> Your objective
The range runs from the line containing "This is a contrast" through the last line of the material below; retype it exactly, leaving out the pictures.

> Material supplied
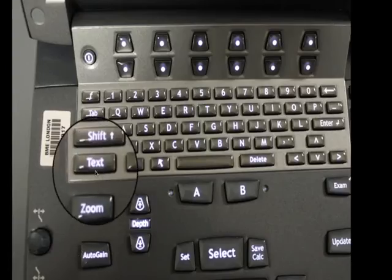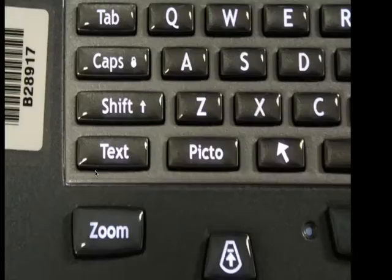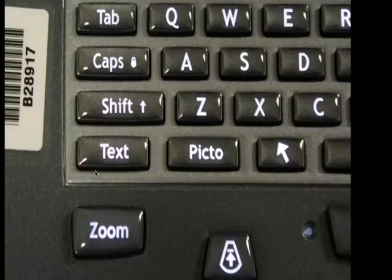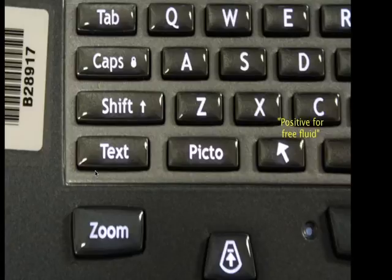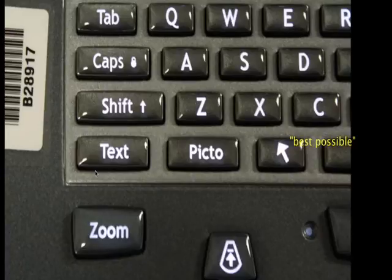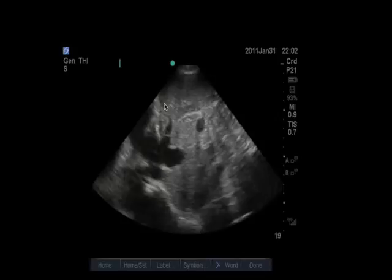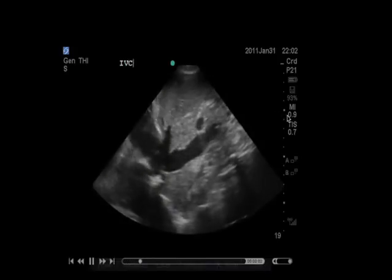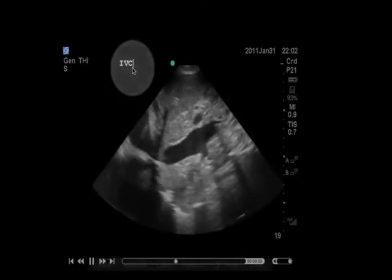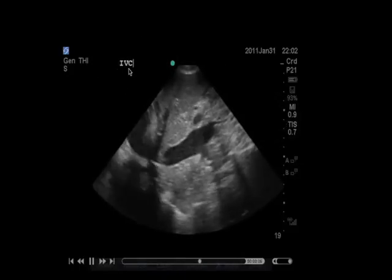There's a text button at the bottom left of the keyboard — press this at any time and that will mobilize a cursor on the screen display. You can then type freely anything to do with the findings, such as 'positive for free fluid,' 'indeterminate,' 'best exam possible,' or any other descriptors you think might be helpful, such as the mechanism of injury or anything else relevant to the exam. We can see here what it looks like as this was typed during a clip being saved of the IVC in this patient.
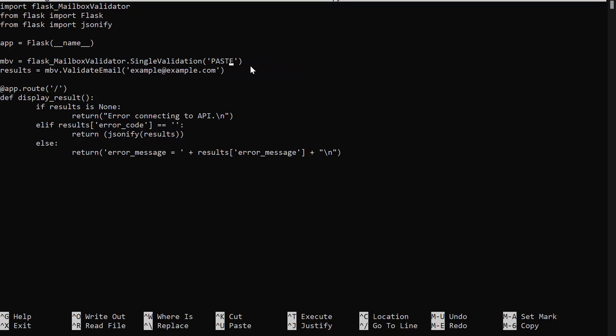Then, replace your API key here. Replace the email address that you would like to validate here.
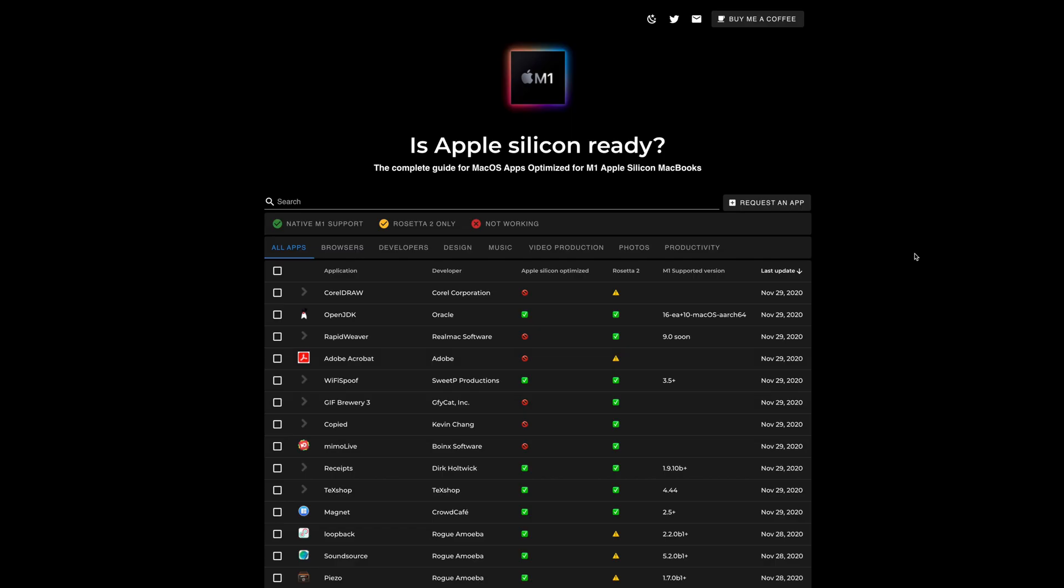Now there's also a website you can go to. It's called isAppleSiliconReady.com. You can see it there. It'll tell you if an app has been converted already.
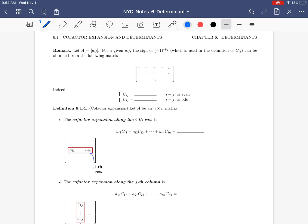Let me quickly remind you what the cofactor corresponding to an entry is. We had C_ij equals (-1)^(i+j) times the minor M_ij. The minor is a number computed by removing the i-th row and j-th column of the given square matrix, and then computing the determinant of the new smaller matrix.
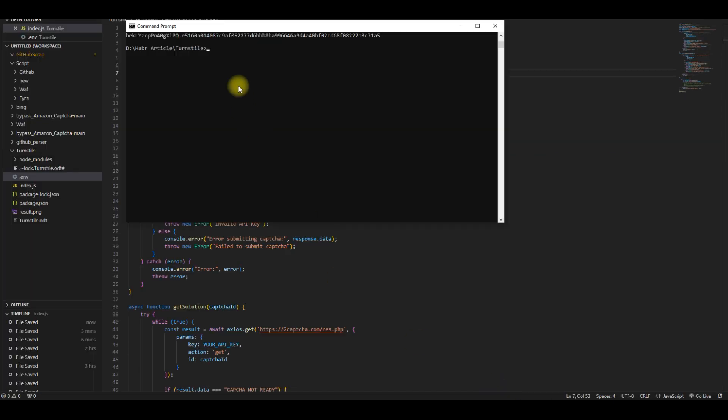Everything is ready and you can run the script. The script is run with the command node index.js.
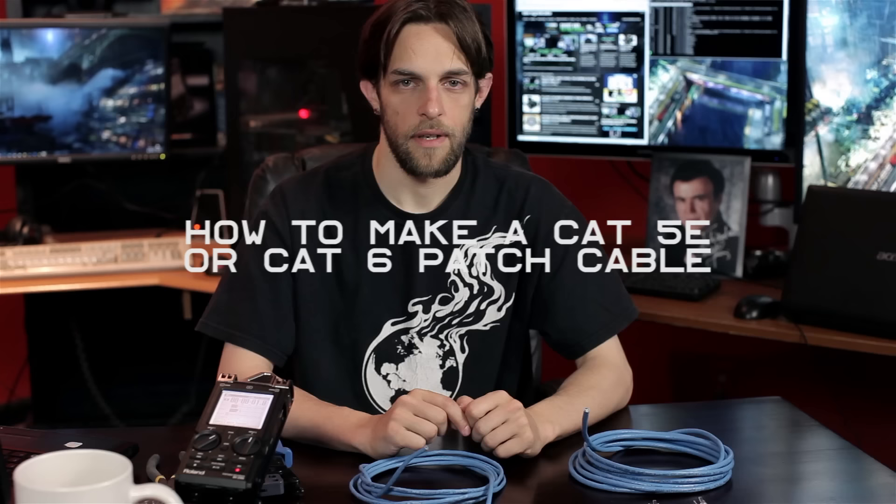Hi, my name is Cain, and I'm here to help you. Today we're going to show you how to make a Category 5 and Category 6 patch cable.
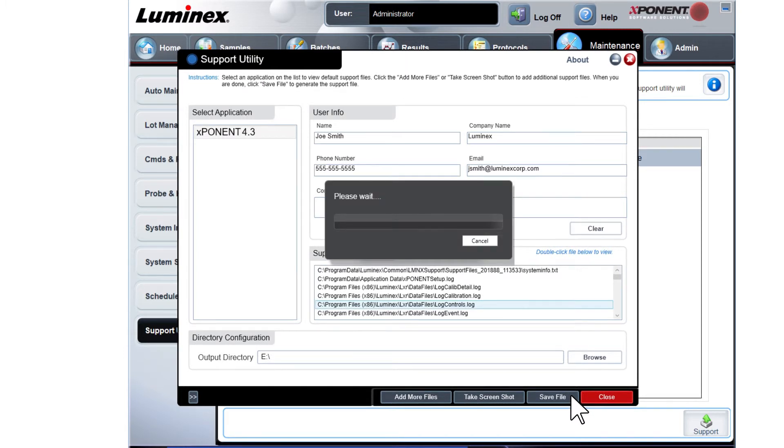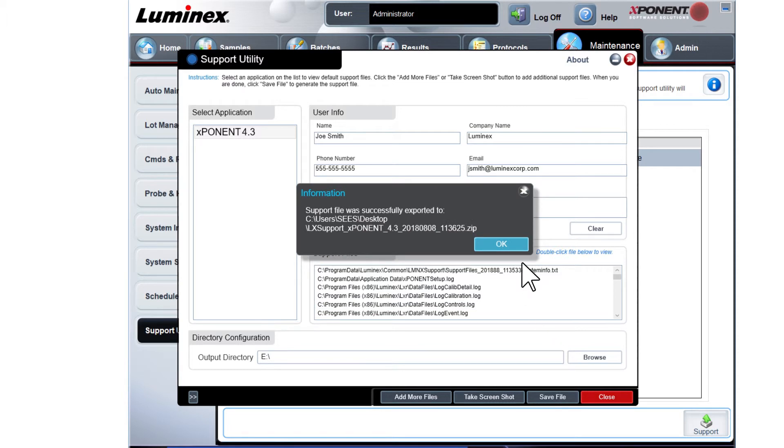After Exponent has finished polling the required information, a window displays indicating the export is complete.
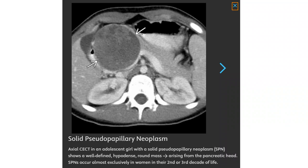This is a contrast CT in an adolescent girl with a solid pseudopapillary neoplasm, showing a well-defined hypodense round mass arising from the pancreatic head. It occurs almost exclusively in women in their second and third decade of life.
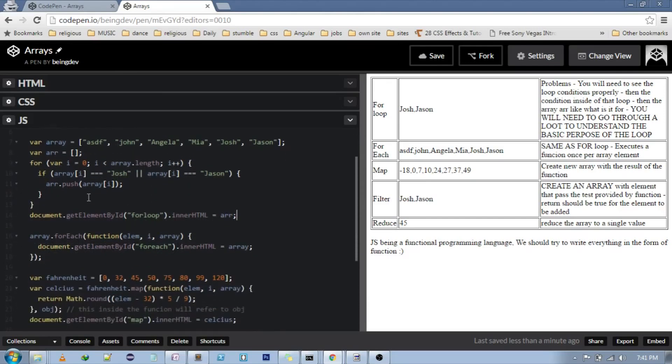So this is the basic for loop that we write. Let's say we come back to this code after 100 days, and then we try to debug it or understand what it is doing.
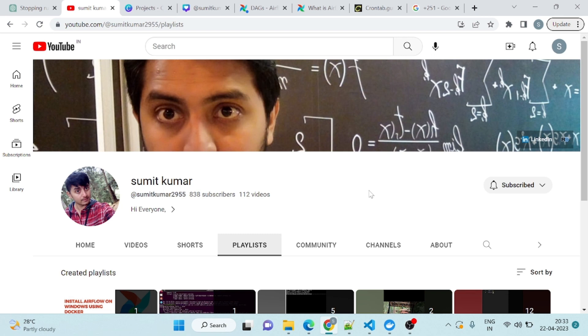Hello everyone, welcome to our YouTube channel where we explore the exciting world of data engineering. On this channel, we will cover a wide range of topics related to data engineering.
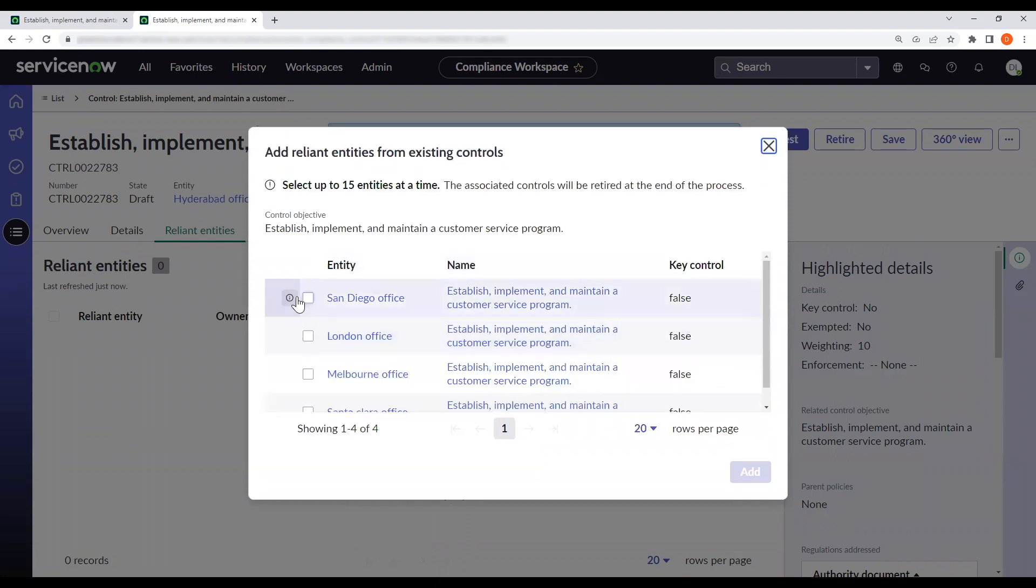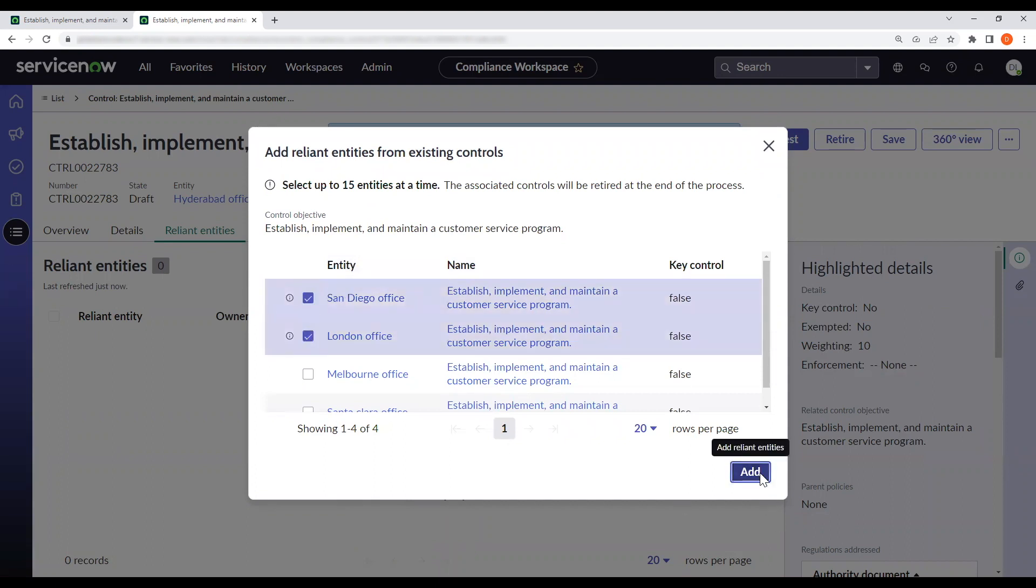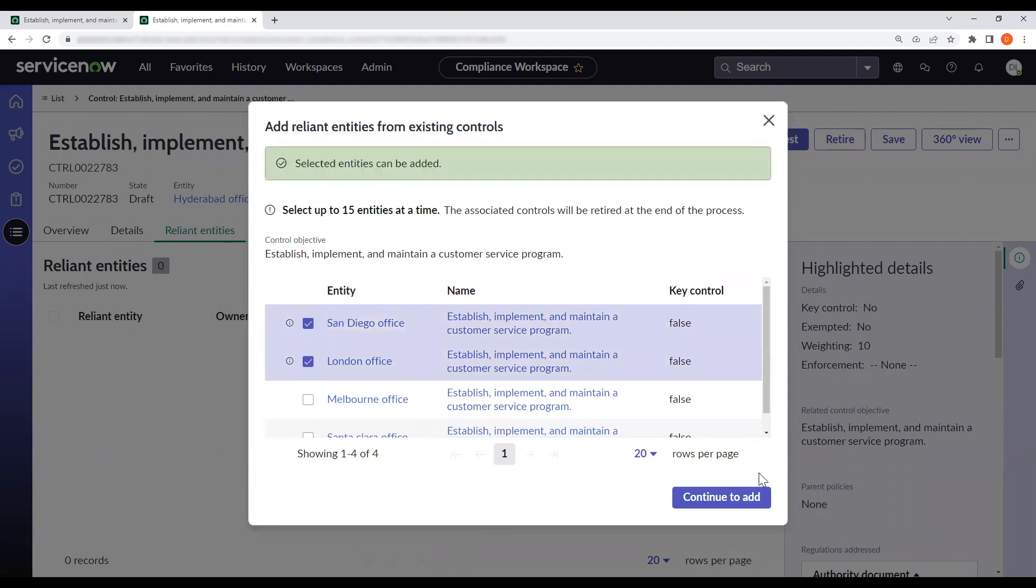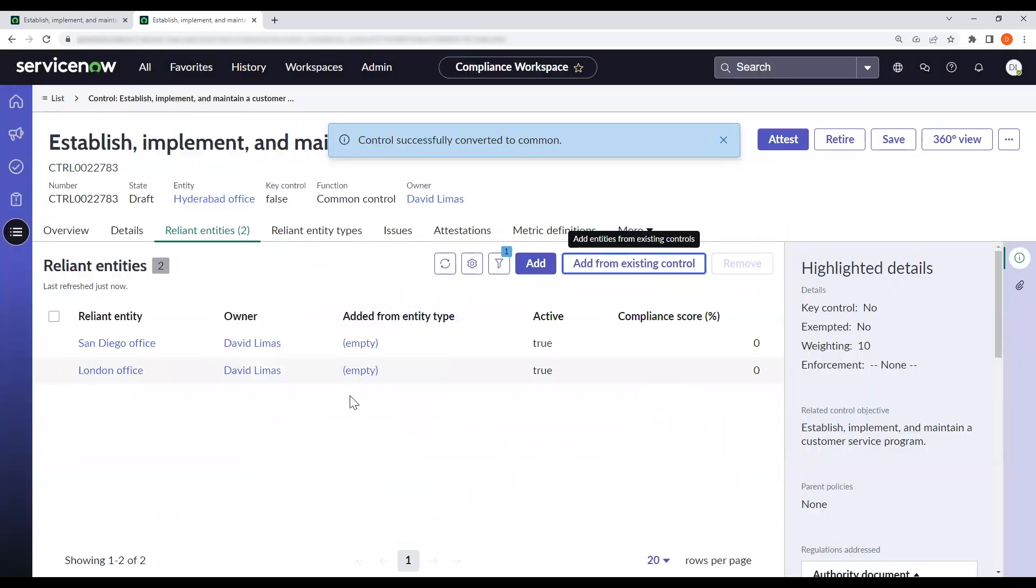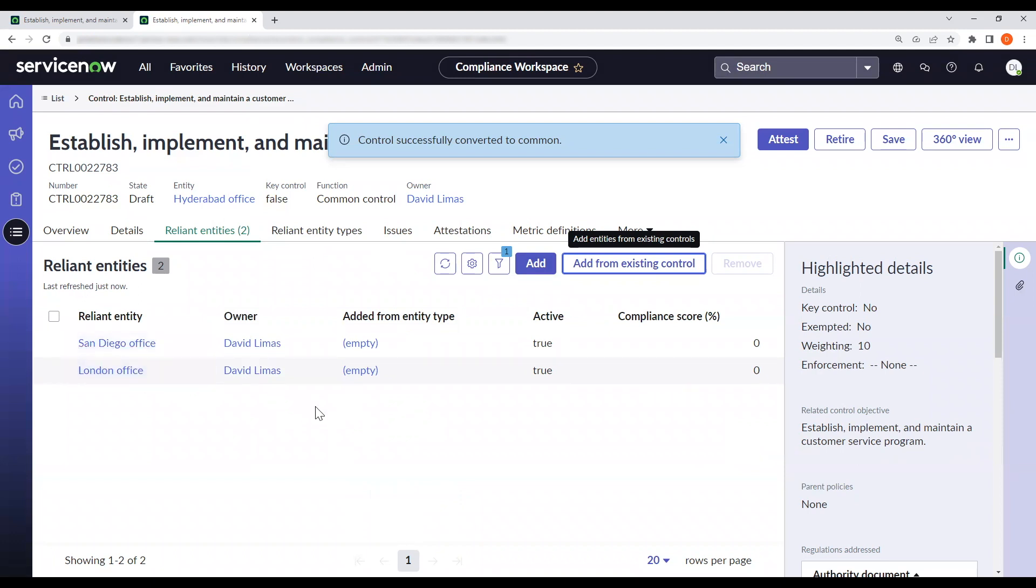To which I will choose the San Diego and London office to add. Here you will now see that the reliant entities of the San Diego office and the London office are now added as reliant entities.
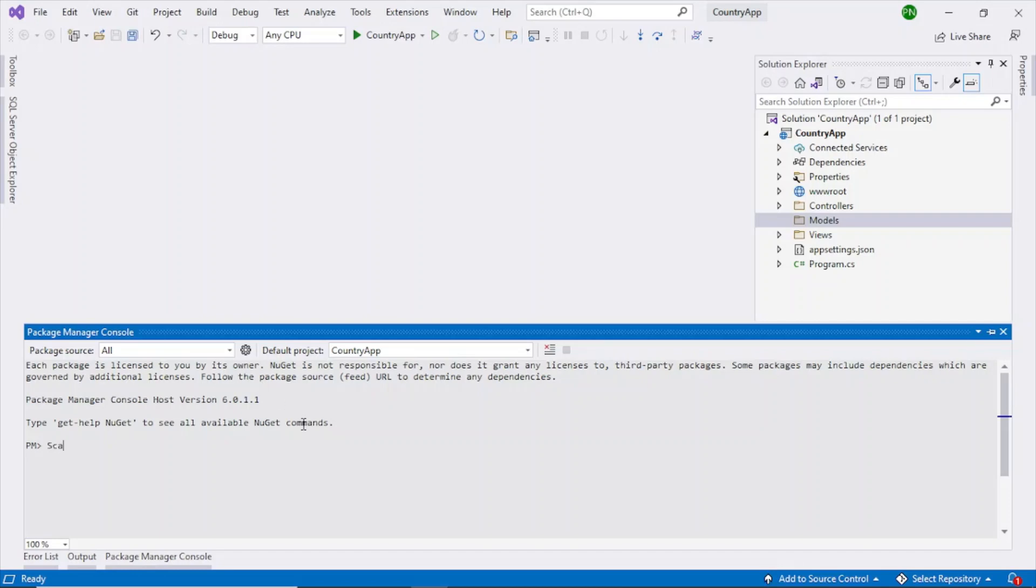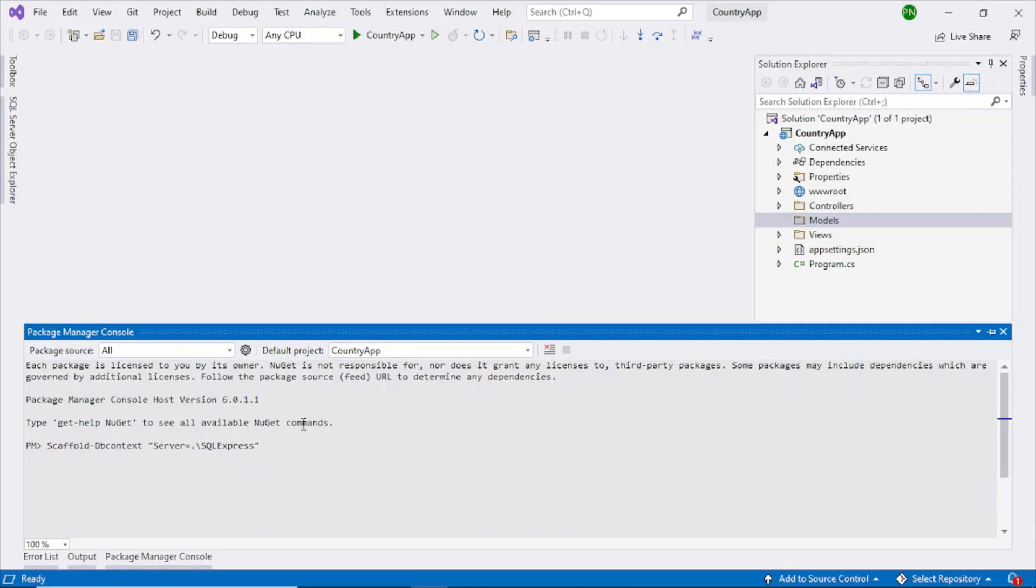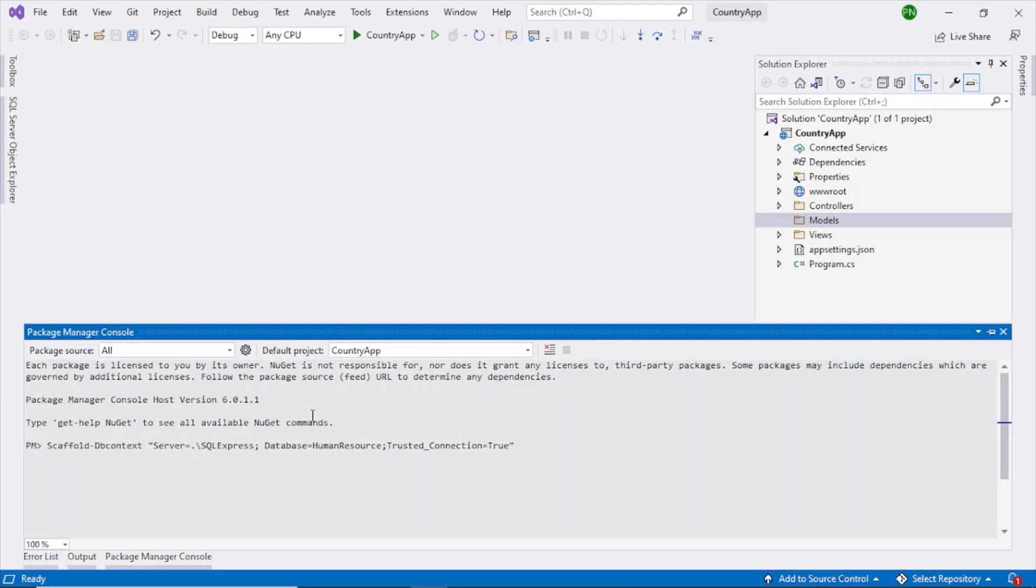So the command is scaffold-dbcontext server equal to dot slash dot. Dot slash means it will go to your local. You can also type your machine name slash sql express or if your sql express is in another machine then you can give that name as well. So give that path. Now database equal to human resource. Semicolon trusted underscore connection is true and then semicolon.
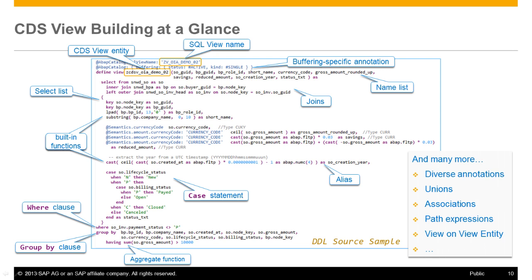The question generally coming up at this point is when to use CDS views instead of OpenSQL. OpenSQL is the first instrument for ABAP developers for pushing down data-intensive processing to the database layer. Several enhancements have been provided in this area with the latest SAP NetWeaver deliveries, for example, aggregate functions, arithmetic and conditional expressions. But when it comes to the reuse of data models or the use of features not available in OpenSQL like unions and associations, then it makes sense to consider the CDS-based advanced view building.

> Result of the task
This is a contrast CT in an adolescent girl with a solid pseudopapillary neoplasm, showing a well-defined hypodense round mass arising from the pancreatic head. It occurs almost exclusively in women in their second and third decade of life.
So this is the basic for loop that we write. Let's say we come back to this code after 100 days, and then we try to debug it or understand what it is doing.
Hello everyone, welcome to our YouTube channel where we explore the exciting world of data engineering. On this channel, we will cover a wide range of topics related to data engineering.
To which I will choose the San Diego and London office to add. Here you will now see that the reliant entities of the San Diego office and the London office are now added as reliant entities.
So the command is scaffold-dbcontext server equal to dot slash dot. Dot slash means it will go to your local. You can also type your machine name slash sql express or if your sql express is in another machine then you can give that name as well. So give that path. Now database equal to human resource. Semicolon trusted underscore connection is true and then semicolon.
The question generally coming up at this point is when to use CDS views instead of OpenSQL. OpenSQL is the first instrument for ABAP developers for pushing down data-intensive processing to the database layer. Several enhancements have been provided in this area with the latest SAP NetWeaver deliveries, for example, aggregate functions, arithmetic and conditional expressions. But when it comes to the reuse of data models or the use of features not available in OpenSQL like unions and associations, then it makes sense to consider the CDS-based advanced view building.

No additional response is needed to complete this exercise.